→ ASSIGNED TASK
Return all the lines below exactly. Any picture among them is omitted.

Captioned web image data
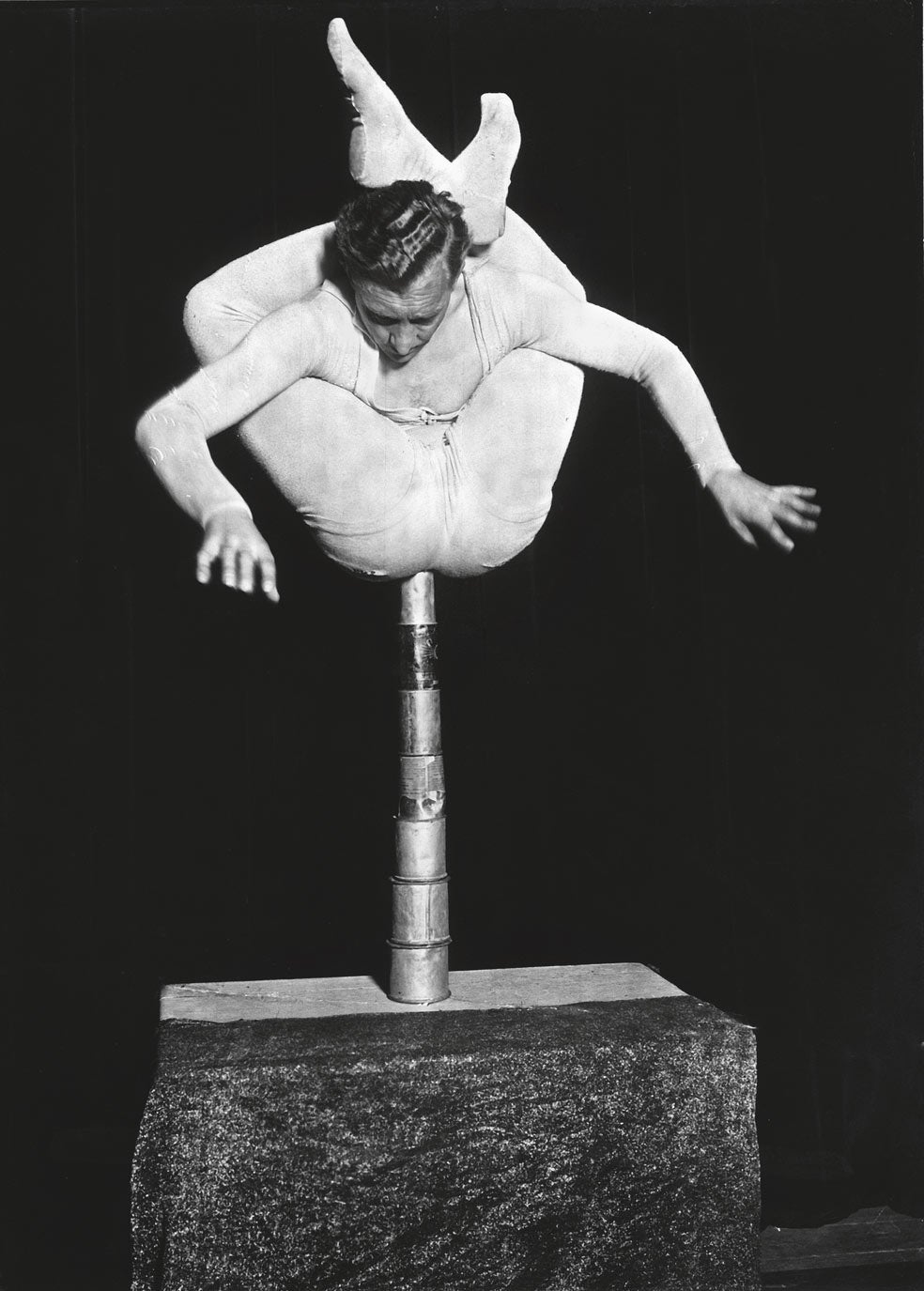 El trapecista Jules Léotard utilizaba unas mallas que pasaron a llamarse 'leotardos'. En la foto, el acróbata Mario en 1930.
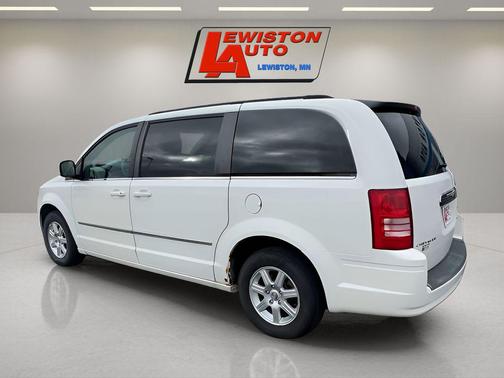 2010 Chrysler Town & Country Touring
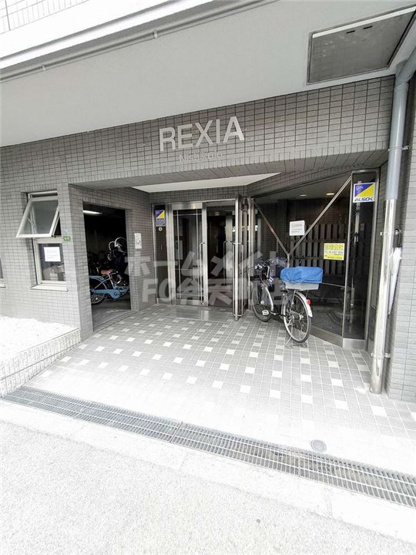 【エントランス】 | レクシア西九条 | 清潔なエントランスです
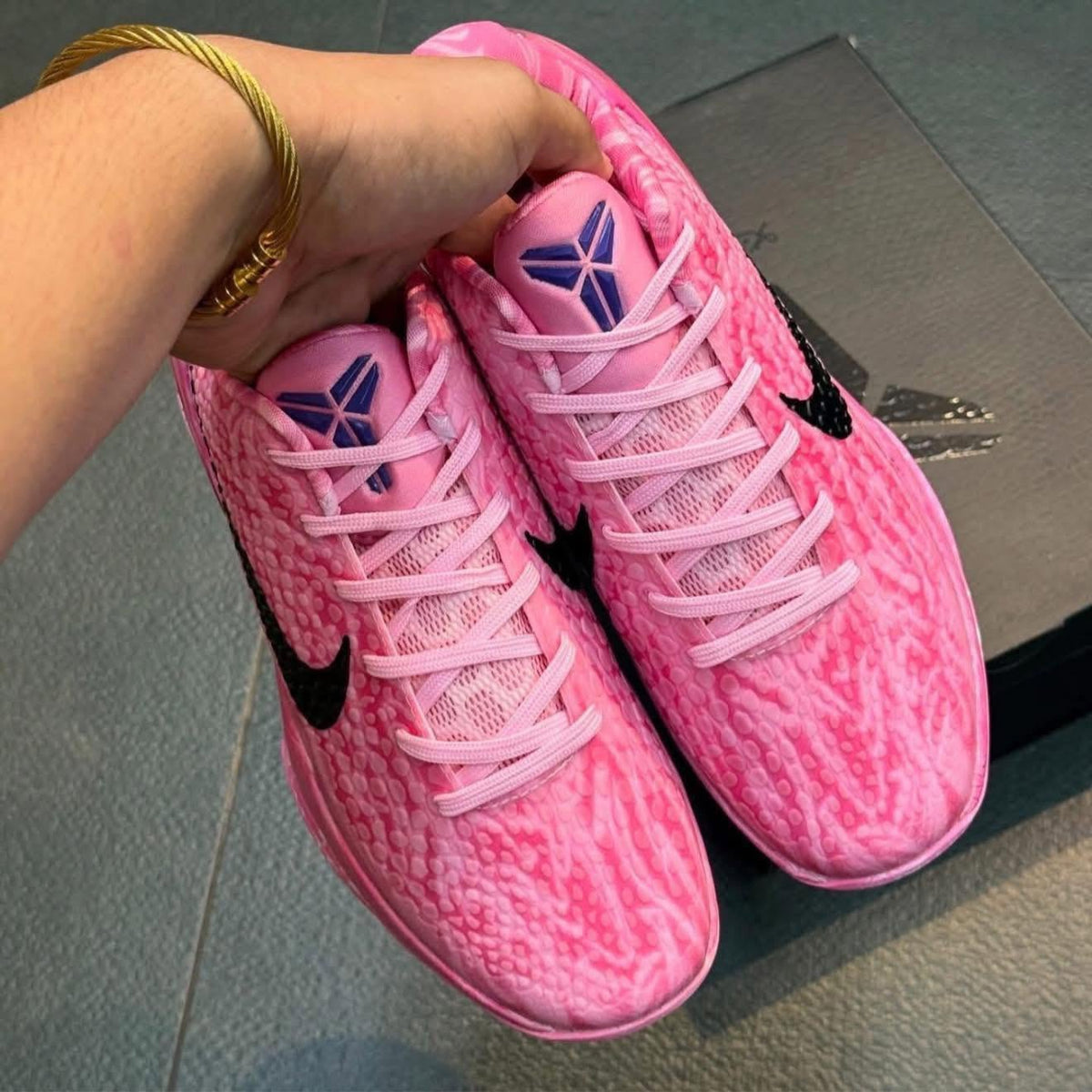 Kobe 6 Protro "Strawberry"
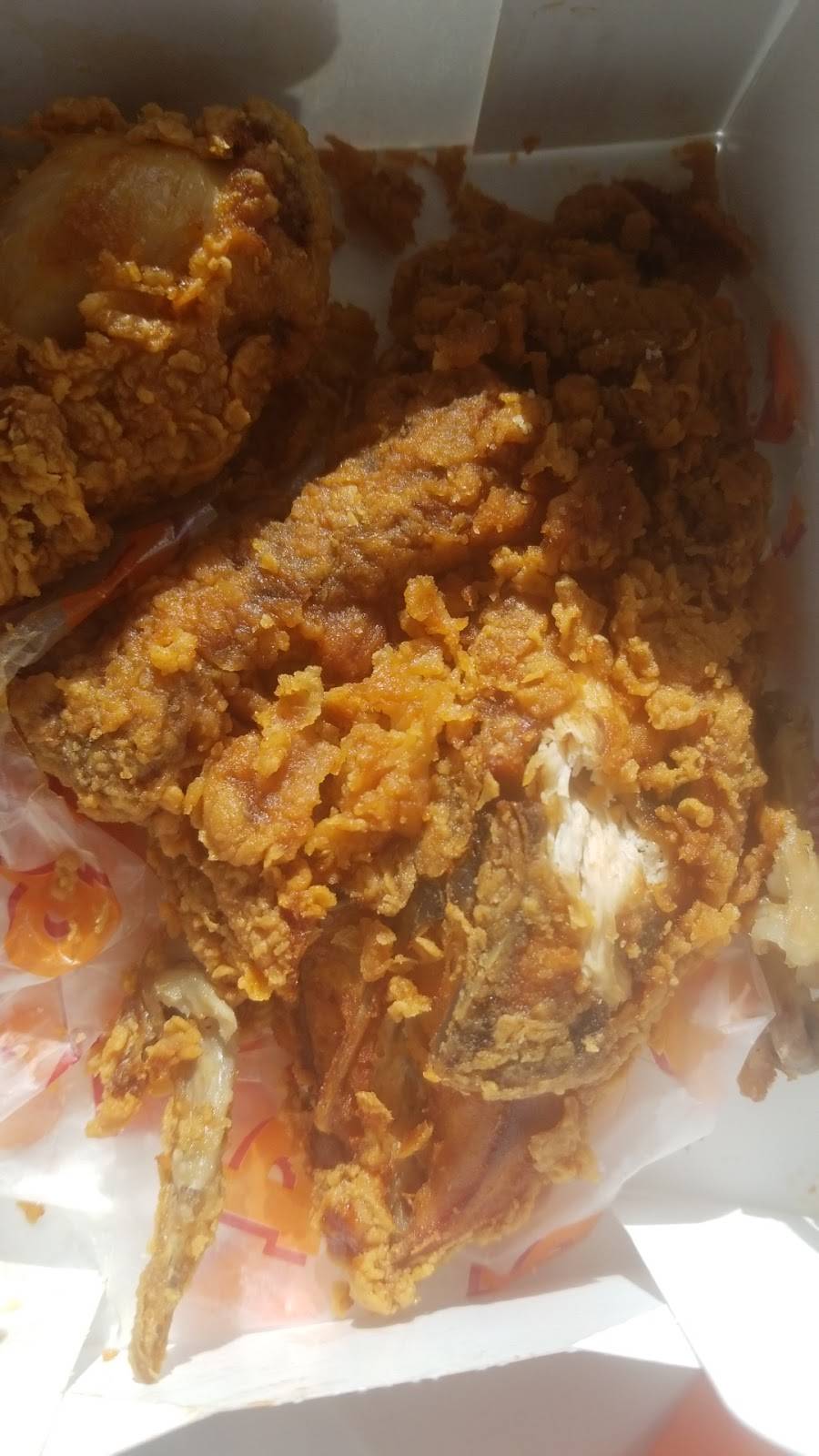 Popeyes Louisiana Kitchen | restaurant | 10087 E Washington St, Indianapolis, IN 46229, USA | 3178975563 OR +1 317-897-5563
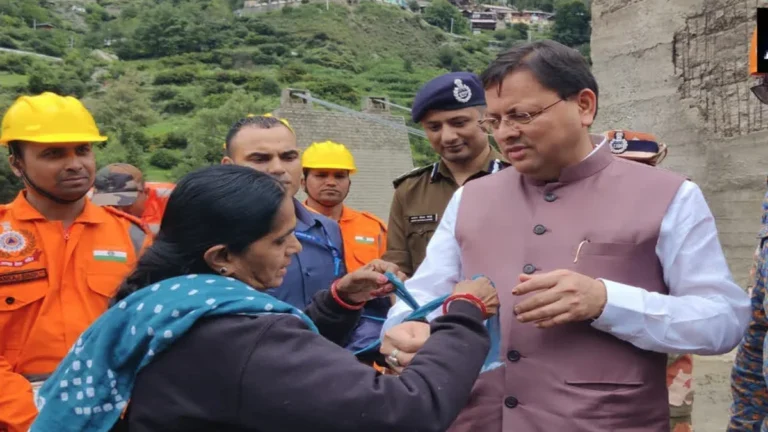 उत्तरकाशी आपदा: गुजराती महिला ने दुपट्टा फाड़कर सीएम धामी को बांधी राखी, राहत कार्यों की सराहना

→ RESULT
 El trapecista Jules Léotard utilizaba unas mallas que pasaron a llamarse 'leotardos'. En la foto, el acróbata Mario en 1930.
 2010 Chrysler Town & Country Touring
 【エントランス】 | レクシア西九条 | 清潔なエントランスです
 Kobe 6 Protro "Strawberry"
 Popeyes Louisiana Kitchen | restaurant | 10087 E Washington St, Indianapolis, IN 46229, USA | 3178975563 OR +1 317-897-5563
 उत्तरकाशी आपदा: गुजराती महिला ने दुपट्टा फाड़कर सीएम धामी को बांधी राखी, राहत कार्यों की सराहना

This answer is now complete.